About Pega Foundation for Healthcare member infrastructure
Pega Foundation for Healthcare (PFHC), which forms the enterprise foundation for all Pega health care solutions, provides a set of enterprise healthcare assets including preconfigured data models for commonly referenced healthcare objects and code sets, APIs for rapid integration with external sources of truth, and support for industry-standard electronic data interchange (EDI) standards including HIPAA X125010, NCPDP D.0, and HL7 FHIR.
The Pega Foundation for Healthcare application also provides the infrastructure to efficiently configure and maintain membership/patient data, groups, individuals, and their family structures (spouses, dependents, and so on.). Pega Foundation for Healthcare also provides the tools to efficiently manage member/patient relationships for multiple entities such as the payers, benefit plans and employers. Member-centric in nature, the application supports a wide range of the standard membership healthcare transactions.
The member data model in PFHC consist of various member attributes. These attributes can be logically grouped into basic information (ID, name, and so on.), address information, primary care physician (PCP) information, communication options, COB information and policy information.

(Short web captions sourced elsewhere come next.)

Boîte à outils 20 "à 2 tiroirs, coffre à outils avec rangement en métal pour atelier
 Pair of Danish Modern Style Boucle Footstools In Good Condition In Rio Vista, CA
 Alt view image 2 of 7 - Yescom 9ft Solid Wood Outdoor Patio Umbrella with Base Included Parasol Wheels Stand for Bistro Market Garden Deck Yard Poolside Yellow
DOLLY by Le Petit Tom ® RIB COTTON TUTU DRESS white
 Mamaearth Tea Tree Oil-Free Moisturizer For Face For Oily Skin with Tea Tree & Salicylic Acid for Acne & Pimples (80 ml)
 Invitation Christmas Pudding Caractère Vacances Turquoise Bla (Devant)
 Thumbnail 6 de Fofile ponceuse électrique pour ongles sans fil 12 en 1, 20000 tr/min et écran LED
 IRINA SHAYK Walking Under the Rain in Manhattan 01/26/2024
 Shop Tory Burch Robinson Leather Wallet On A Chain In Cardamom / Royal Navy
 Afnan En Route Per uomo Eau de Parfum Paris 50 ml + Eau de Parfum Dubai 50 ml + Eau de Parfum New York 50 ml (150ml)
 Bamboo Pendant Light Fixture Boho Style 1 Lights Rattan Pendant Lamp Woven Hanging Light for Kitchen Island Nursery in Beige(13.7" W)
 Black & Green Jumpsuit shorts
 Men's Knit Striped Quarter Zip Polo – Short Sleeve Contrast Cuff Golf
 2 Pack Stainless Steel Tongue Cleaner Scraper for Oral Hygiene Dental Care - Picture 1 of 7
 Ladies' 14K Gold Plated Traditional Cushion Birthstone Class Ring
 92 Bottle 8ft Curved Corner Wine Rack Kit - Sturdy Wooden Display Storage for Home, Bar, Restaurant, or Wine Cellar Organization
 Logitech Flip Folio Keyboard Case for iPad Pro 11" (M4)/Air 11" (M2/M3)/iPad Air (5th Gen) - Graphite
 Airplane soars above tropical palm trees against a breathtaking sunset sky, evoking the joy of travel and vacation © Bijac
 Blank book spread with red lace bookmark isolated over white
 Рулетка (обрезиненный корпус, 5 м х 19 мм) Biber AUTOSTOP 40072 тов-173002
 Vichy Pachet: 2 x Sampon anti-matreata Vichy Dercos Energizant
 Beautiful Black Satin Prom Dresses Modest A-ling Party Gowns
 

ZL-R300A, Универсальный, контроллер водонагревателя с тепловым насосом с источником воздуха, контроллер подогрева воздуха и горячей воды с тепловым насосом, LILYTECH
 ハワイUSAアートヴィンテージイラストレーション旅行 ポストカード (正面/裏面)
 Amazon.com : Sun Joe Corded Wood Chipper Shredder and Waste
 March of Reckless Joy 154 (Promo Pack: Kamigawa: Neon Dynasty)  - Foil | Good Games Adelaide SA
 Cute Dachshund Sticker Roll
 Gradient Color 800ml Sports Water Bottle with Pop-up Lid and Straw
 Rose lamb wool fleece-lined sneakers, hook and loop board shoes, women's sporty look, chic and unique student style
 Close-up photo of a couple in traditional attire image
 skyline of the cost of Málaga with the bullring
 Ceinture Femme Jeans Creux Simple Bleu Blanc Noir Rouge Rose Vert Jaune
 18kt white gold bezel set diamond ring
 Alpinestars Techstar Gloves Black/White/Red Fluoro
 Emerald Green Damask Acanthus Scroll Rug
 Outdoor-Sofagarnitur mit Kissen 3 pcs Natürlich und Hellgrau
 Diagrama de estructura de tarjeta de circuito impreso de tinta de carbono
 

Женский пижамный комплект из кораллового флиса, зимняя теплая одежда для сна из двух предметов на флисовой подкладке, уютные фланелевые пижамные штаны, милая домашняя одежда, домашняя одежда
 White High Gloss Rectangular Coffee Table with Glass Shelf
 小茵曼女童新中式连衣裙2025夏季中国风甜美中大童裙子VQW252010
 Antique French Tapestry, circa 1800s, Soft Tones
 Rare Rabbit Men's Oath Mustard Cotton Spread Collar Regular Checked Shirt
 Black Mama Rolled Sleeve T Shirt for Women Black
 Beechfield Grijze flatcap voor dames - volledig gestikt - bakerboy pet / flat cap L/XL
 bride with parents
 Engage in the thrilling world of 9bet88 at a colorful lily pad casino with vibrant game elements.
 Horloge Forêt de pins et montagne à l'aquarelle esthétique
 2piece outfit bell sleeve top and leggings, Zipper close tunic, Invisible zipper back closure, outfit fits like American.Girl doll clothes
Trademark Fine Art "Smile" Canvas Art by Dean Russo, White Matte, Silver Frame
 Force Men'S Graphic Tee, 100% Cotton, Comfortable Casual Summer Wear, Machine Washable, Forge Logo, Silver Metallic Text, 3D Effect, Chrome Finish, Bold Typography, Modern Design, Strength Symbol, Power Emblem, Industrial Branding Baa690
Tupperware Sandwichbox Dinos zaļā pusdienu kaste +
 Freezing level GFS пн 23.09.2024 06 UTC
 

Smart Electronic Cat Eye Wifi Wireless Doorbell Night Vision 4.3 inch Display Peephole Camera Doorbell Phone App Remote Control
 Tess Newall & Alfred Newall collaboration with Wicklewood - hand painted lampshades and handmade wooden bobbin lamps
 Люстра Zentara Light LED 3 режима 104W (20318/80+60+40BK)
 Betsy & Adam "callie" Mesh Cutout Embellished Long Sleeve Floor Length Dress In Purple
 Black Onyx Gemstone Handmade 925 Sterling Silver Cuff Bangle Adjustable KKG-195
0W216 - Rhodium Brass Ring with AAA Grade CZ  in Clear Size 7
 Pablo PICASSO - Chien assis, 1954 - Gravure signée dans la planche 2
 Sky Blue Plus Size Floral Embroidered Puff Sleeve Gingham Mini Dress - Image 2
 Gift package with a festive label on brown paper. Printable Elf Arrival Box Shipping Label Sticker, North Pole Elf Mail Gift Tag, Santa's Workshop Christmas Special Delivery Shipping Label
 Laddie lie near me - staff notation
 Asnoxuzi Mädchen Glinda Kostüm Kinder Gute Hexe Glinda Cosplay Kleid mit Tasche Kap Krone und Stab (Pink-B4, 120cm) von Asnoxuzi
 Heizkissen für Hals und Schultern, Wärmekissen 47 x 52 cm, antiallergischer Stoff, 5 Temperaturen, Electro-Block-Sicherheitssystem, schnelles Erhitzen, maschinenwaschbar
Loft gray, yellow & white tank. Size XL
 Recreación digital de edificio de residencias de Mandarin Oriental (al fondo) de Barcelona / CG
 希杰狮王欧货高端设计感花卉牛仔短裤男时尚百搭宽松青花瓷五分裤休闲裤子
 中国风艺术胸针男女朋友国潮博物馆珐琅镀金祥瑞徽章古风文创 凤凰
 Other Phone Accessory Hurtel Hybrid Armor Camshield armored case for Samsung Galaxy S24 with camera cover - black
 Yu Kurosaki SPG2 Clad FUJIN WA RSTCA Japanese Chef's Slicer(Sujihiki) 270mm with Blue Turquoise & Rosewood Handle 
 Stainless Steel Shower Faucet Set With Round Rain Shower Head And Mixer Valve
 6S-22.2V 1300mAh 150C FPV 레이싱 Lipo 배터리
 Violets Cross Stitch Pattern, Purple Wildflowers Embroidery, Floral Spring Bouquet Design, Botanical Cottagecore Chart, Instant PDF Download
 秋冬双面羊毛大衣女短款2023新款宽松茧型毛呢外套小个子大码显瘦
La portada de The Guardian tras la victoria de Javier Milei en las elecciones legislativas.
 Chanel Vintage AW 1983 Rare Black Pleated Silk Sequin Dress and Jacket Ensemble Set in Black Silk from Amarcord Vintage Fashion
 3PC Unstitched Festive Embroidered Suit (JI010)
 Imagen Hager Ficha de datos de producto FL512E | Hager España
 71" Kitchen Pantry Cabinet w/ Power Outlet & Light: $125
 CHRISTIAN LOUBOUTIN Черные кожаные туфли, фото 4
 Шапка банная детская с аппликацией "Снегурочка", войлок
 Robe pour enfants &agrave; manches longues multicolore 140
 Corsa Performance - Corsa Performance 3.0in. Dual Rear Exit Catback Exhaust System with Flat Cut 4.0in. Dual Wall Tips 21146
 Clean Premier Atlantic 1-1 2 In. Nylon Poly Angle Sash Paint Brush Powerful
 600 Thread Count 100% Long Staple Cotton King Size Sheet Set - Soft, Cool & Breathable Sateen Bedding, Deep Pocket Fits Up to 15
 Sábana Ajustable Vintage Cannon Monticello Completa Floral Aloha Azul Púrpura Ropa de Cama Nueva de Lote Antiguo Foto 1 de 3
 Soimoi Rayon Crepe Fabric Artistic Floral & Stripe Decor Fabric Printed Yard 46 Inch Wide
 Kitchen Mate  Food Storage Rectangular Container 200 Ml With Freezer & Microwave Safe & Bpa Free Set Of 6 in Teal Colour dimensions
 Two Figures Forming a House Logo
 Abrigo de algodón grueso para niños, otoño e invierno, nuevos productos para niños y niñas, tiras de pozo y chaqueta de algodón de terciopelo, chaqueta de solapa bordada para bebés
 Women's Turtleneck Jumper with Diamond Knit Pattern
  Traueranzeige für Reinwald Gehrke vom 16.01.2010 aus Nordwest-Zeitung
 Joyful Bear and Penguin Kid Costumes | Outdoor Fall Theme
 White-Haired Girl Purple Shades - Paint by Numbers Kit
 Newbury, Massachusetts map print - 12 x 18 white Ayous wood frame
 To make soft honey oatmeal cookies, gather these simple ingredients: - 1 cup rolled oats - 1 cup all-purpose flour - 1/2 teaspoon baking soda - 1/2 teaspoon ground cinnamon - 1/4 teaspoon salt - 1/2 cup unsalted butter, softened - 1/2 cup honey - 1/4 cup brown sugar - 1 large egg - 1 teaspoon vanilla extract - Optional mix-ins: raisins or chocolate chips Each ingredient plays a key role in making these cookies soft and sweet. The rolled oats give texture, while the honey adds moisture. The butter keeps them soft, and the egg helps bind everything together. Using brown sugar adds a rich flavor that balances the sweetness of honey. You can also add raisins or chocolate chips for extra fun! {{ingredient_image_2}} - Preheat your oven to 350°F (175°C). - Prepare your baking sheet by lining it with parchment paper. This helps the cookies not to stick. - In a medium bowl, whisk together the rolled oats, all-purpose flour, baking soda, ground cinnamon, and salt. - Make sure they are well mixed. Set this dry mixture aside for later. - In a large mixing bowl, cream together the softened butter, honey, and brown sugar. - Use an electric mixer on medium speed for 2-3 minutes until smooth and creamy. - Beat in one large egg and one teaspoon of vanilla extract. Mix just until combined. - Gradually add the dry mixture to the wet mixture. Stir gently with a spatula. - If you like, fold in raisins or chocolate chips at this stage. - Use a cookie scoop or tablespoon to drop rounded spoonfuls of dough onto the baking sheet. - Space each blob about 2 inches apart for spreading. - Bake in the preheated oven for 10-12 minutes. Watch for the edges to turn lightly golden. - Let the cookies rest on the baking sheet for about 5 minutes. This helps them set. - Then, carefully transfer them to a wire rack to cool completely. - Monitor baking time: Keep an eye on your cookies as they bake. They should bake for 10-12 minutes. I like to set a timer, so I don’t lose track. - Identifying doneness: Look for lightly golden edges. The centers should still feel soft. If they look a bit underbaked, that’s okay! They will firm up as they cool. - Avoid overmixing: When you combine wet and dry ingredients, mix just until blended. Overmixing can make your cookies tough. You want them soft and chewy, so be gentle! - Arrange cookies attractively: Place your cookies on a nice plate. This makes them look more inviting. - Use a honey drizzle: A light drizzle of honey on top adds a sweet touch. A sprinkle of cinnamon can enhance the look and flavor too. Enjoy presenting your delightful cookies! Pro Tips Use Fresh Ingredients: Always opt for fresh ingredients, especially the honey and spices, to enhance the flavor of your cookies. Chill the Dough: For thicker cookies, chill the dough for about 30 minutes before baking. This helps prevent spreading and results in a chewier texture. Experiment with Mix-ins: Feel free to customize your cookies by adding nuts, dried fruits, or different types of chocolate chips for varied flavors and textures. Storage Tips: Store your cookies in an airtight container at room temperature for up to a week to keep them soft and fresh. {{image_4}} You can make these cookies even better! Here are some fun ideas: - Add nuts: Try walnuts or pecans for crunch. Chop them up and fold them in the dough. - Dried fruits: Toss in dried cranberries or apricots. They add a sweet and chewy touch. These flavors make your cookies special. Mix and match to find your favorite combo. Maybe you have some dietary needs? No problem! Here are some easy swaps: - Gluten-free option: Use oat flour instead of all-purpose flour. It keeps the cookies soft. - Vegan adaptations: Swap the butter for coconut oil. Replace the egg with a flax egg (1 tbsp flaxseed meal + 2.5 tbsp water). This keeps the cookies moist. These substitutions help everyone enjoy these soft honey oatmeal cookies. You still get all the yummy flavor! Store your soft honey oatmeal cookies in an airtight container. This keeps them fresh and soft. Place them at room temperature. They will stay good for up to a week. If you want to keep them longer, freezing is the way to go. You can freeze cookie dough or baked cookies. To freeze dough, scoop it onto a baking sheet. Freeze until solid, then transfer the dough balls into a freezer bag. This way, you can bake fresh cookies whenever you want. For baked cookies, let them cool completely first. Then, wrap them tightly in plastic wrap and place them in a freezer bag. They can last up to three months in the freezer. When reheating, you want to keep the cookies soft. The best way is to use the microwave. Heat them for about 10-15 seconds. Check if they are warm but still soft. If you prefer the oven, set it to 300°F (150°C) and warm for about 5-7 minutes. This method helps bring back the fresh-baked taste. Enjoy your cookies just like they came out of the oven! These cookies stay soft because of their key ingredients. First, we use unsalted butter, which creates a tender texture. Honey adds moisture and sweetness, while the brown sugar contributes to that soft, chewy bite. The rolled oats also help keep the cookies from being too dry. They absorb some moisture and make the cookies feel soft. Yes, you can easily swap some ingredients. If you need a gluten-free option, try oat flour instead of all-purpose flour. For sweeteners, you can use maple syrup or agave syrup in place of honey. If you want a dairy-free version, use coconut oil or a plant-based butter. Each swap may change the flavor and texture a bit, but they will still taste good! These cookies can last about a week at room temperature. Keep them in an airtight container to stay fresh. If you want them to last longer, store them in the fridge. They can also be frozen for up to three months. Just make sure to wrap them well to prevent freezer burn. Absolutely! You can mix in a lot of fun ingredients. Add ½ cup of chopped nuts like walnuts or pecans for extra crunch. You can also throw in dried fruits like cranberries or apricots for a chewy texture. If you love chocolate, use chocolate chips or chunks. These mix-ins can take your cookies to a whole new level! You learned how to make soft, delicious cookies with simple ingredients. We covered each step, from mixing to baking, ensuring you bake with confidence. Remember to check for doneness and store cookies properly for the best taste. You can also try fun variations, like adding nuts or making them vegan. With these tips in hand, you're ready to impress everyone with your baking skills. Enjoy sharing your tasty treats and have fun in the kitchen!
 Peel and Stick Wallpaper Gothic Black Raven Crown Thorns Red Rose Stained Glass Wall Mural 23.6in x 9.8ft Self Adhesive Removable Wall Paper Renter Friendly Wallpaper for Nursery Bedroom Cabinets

A member record in PFHC can also be associated with multiple policies. The group / company contract associates a member to a company / group using the policy structure. The company / group contracts also drive the enrollment rules for individuals / small groups and large groups.
Policies also help define a subscriber’s relationship to the following entities for a given period of time (policy period):
- Subscriber’s group / company.
- Subscriber’s effective plan or plans.
- Subscriber’s family structure.
- Each dependent’s effective plan or plans.